**INSTRUCTIONS TO FOLLOW:** Repeat exactly, and nothing more, the lines from the one that includes "For Sale: $160,000" through the final line of the entries; skip the pictures.

DATA LISTING Block Start

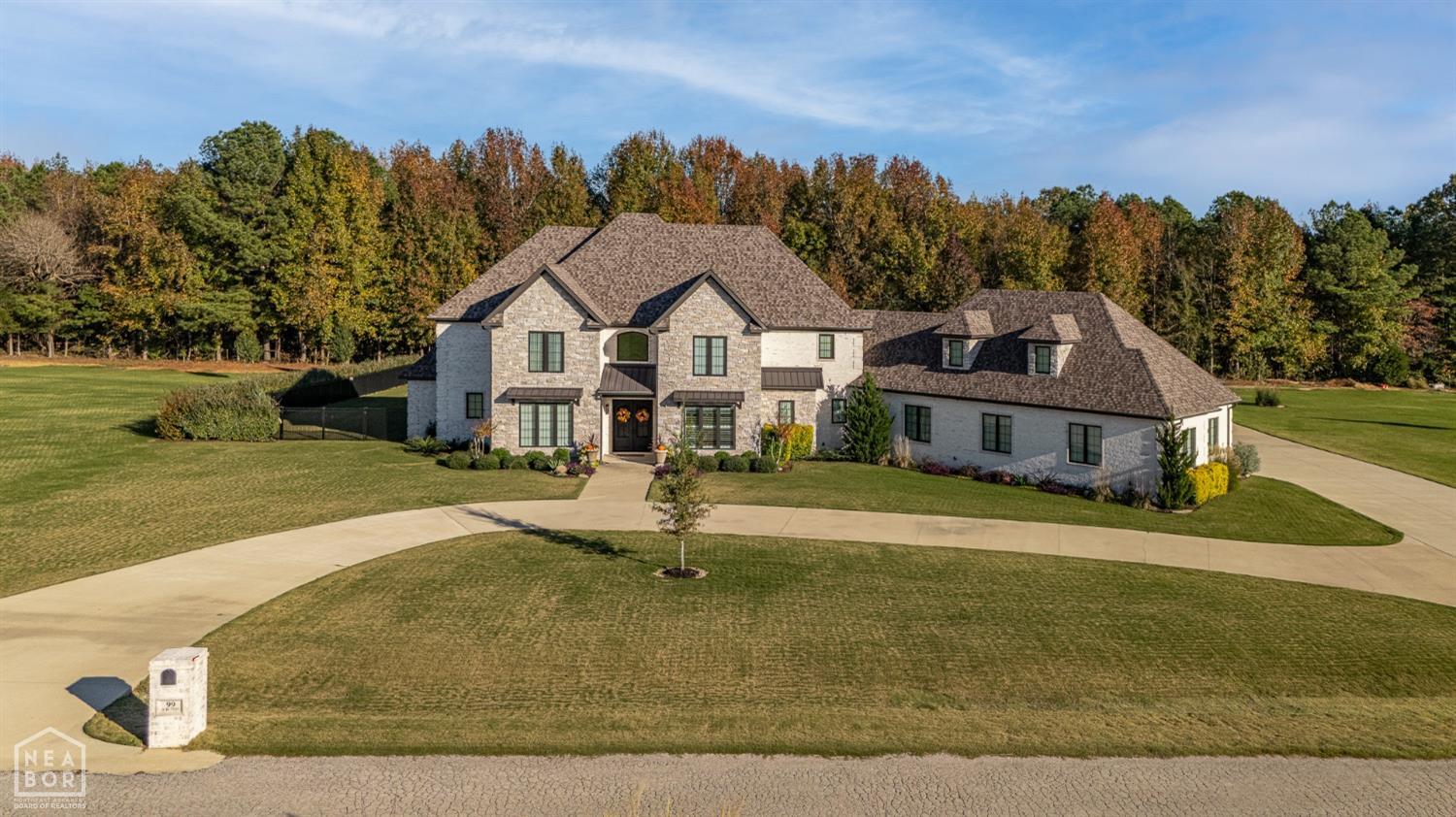 Jonesboro, Arkansas, 72405, United States, 5 Bedrooms Bedrooms, ,5 BathroomsBathrooms,Residential,For Sale,1983308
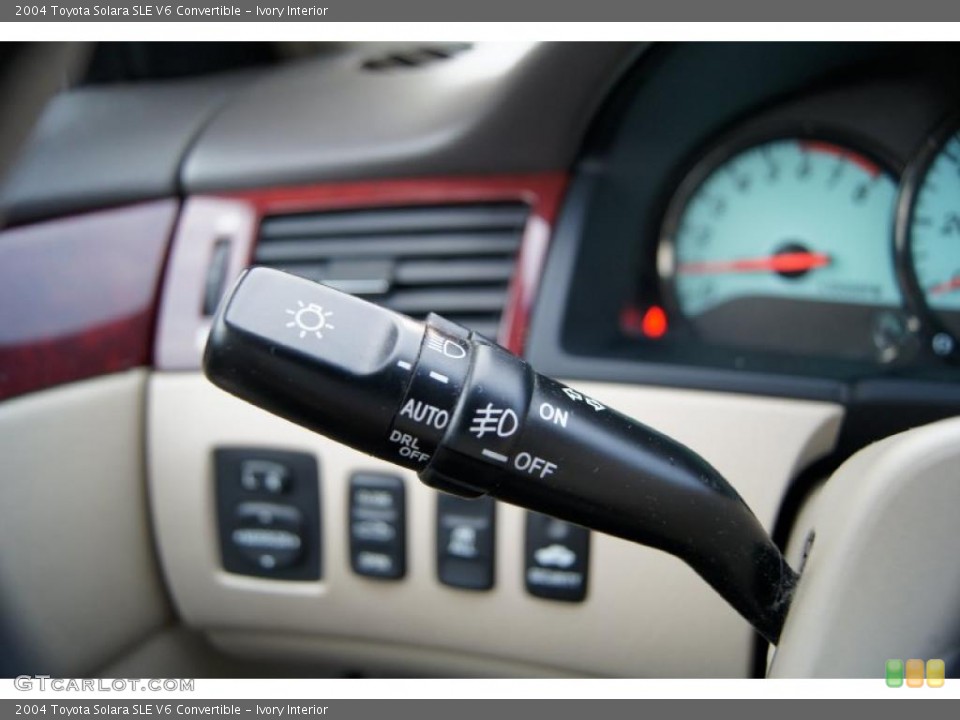 Ivory Interior Controls for the 2004 Toyota Solara SLE V6 Convertible #45915318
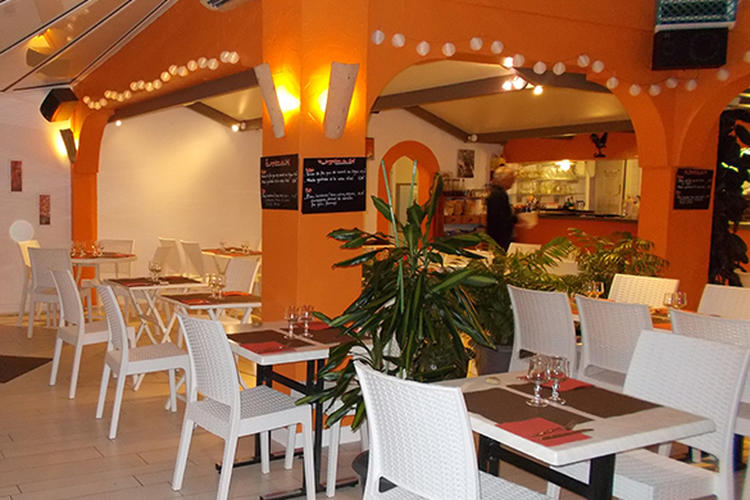 Le restaurant Le jardin Romain à Saint-Trojan-les-Bains vous accueille dans une ambiance familiale et chaleureuse.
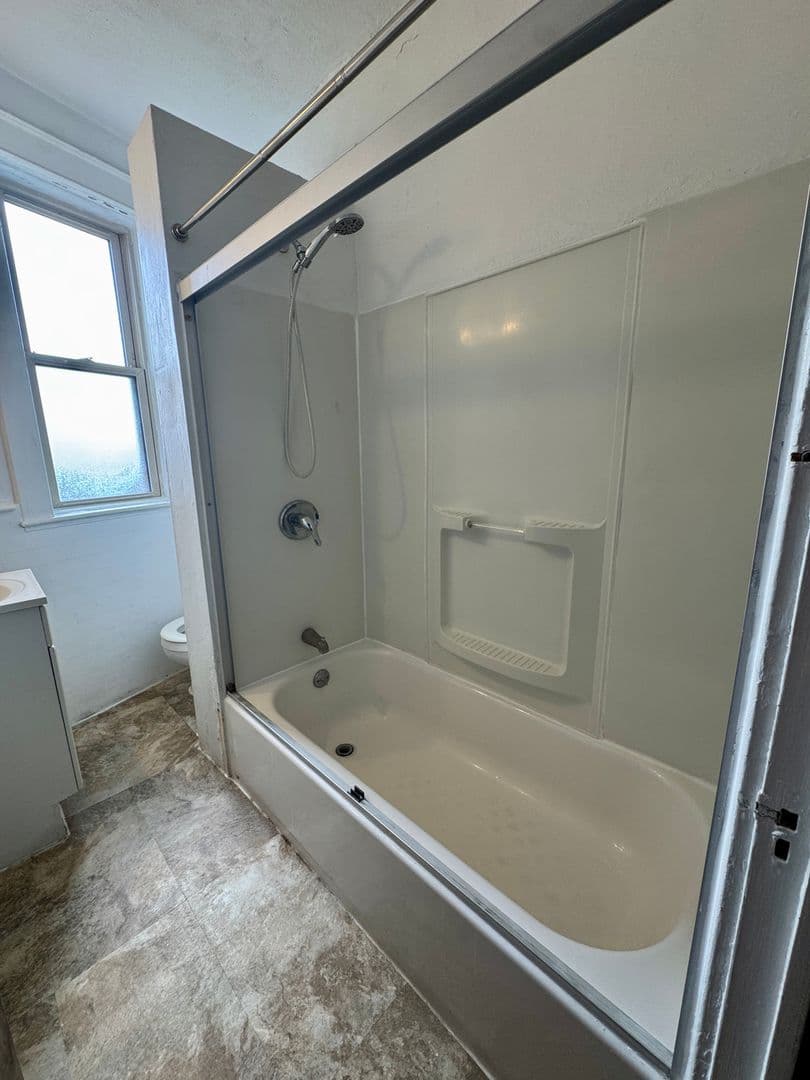 Pittsburgh Apartment: 626 Maryland Ave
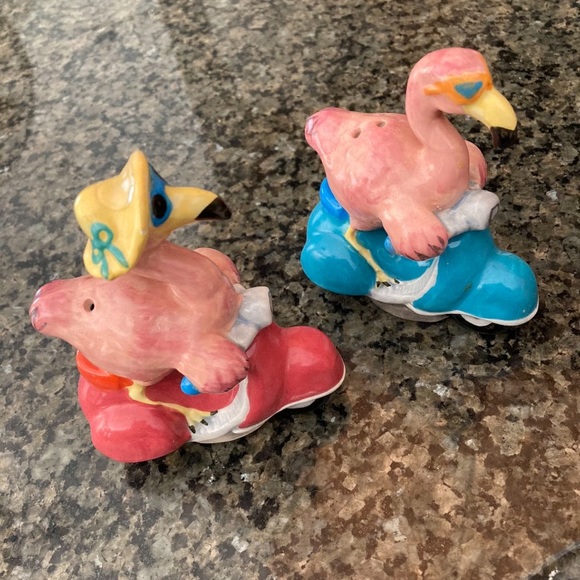 Ceramic salt and pepper shakers FLAMINGOS ON SCOOTERS - Picture 3 of 6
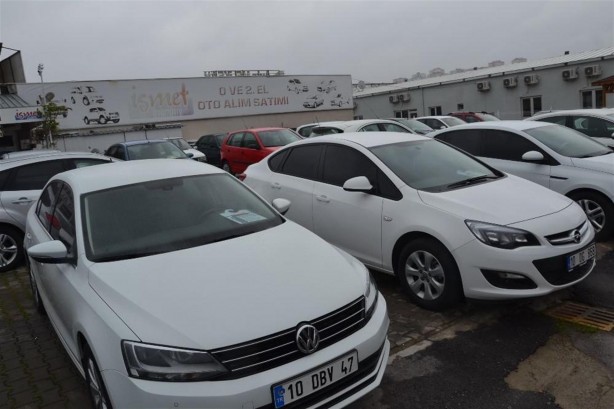 İkinci el araç piyasası canlandı: Yasal düzenlemeyle yeni indirim yolda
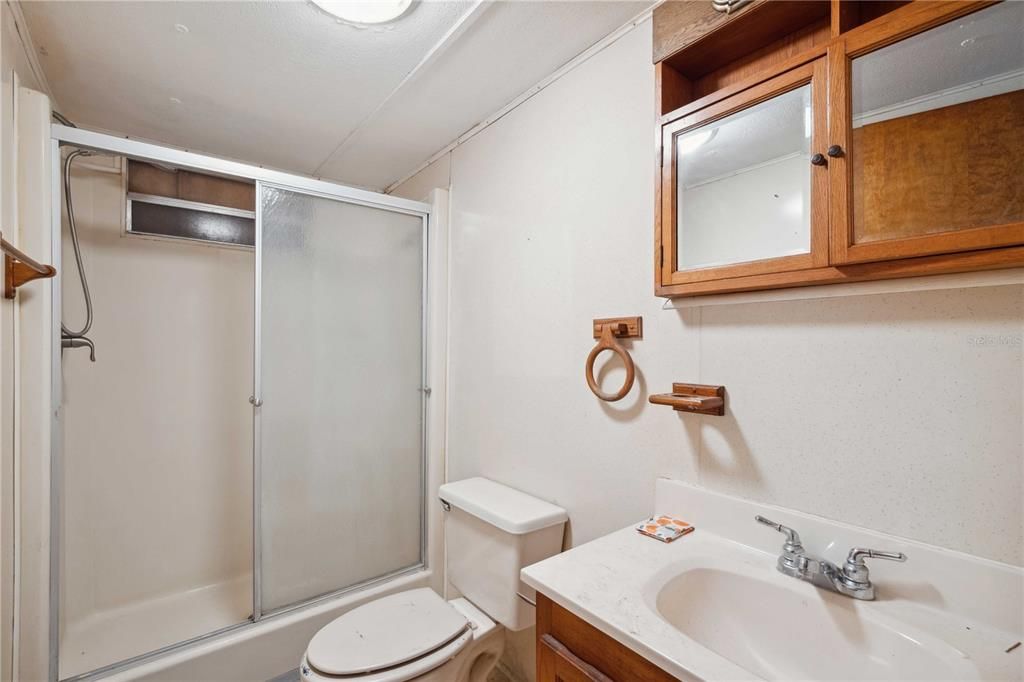 For Sale: $160,000 (2 beds, 1 baths, 900 Square Feet)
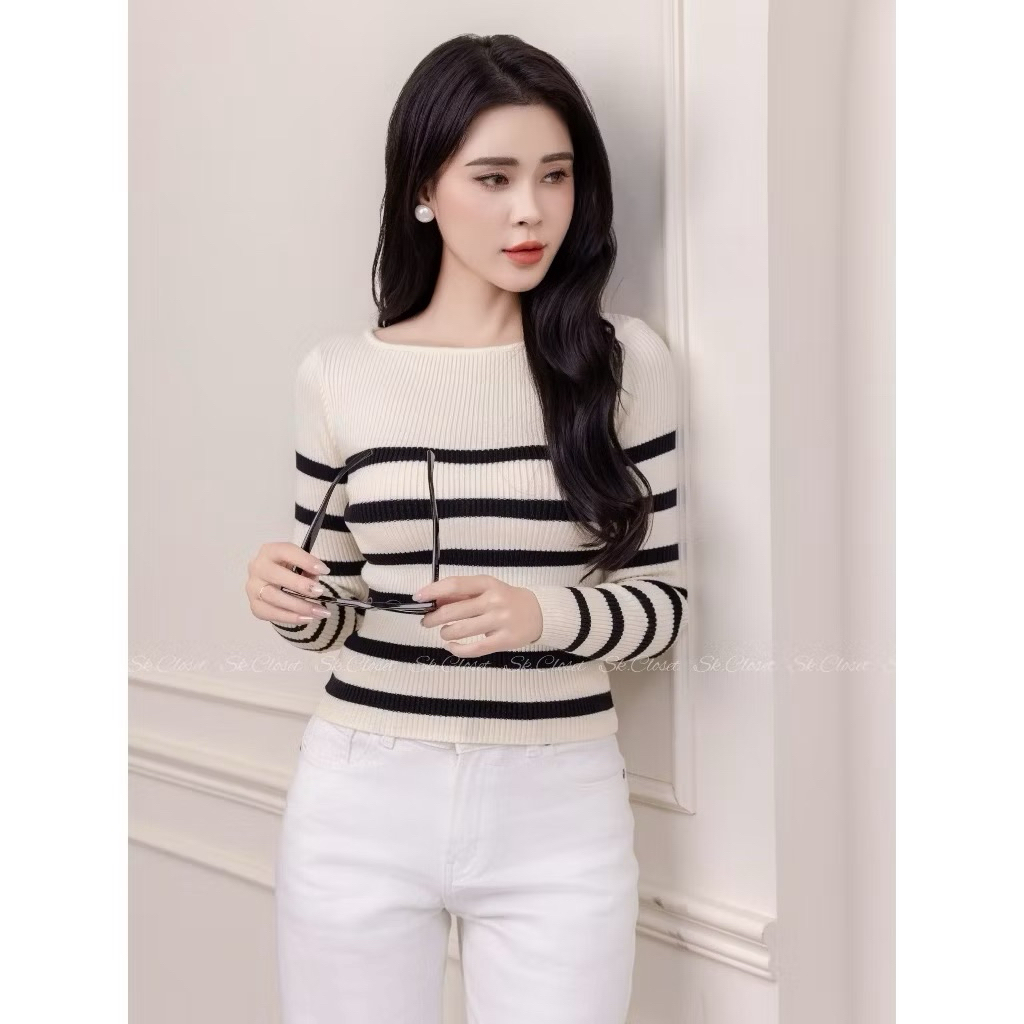 áo len dệt cổ thuyền đen be kẻ trẻ trung nữ tính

DATA LISTING Block End

**TASK SOLUTION:**
 For Sale: $160,000 (2 beds, 1 baths, 900 Square Feet)
 áo len dệt cổ thuyền đen be kẻ trẻ trung nữ tính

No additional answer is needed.